International Association for Cryptologic Research

International Association
for Cryptologic Research

IACR News item: 17 October 2023

Anamaria Costache, Lea Nürnberger, Tjerand Silde
ePrint Report ePrint Report
Circuit privacy is an important notion in Fully Homomorphic Encryption (FHE), well-illustrated by the Machine Learning-as-a-Service scenario. A scheme is circuit private (first defined in Gentry’s PhD Thesis) if an adversary cannot learn the circuit evaluated on a ciphertext from the computation result. In this work, we first show that the BGV FHE scheme by Brakerski, Gentry and Peikert (ITCS’12) is computationally circuit private in a semi-honest context, and then present an extended construction to make it computationally circuit private against a malicious adversary. We achieve this without resorting to expensive mechanisms such as noise flooding. Instead, we argue carefully about the ciphertext and noise distributions that are encountered in BGV.

In more detail, we consider the notion of circuit privacy along four dimensions: whether the adversary is internal or external (i.e. does the adversary hold the secret key or not), and in a semi-honest and malicious setting.
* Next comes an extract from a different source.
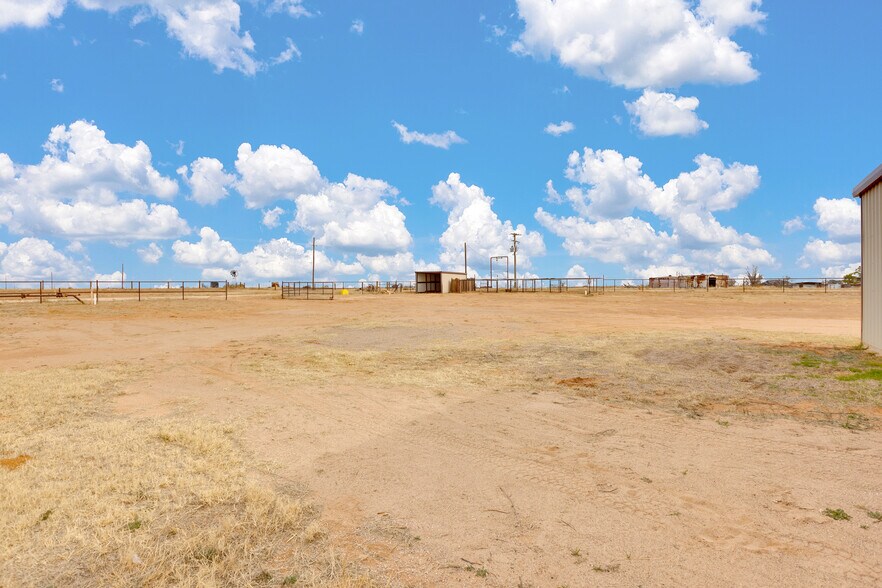 More Photos Of 7405 E County Road 110, Midland Land For Sale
Our starting point is Gentry’s definition, which we change from statistical to computational indistinguishability. Doing so allows us to prove that the BGV scheme is computationally circuit-private in a semi-honest setting to an external adversary out of the box.

We then propose a new definition by extending Gentry’s definition to an internal adversary. This is appropriate since the scenario that the client is the adversary (and therefore has access to the decryption key) is a realistic one. Further, we remark that our definition is strictly stronger than Gentry’s – our definition requires that a scheme be circuit private according to Gentry’s definition and additionally, the distribution of the ciphertext noise in all ciphertexts to be computationally indistinguishable. Given this new definition, and using previous results of Costache, Nürnberger and Player (CT-RSA’23), we show that slight modifications to the BGV scheme will make it fulfill this new definition. Finally, we show how to extend these results to a malicious setting if we require that the client attaches proofs of well-formedness of keys and ciphertexts.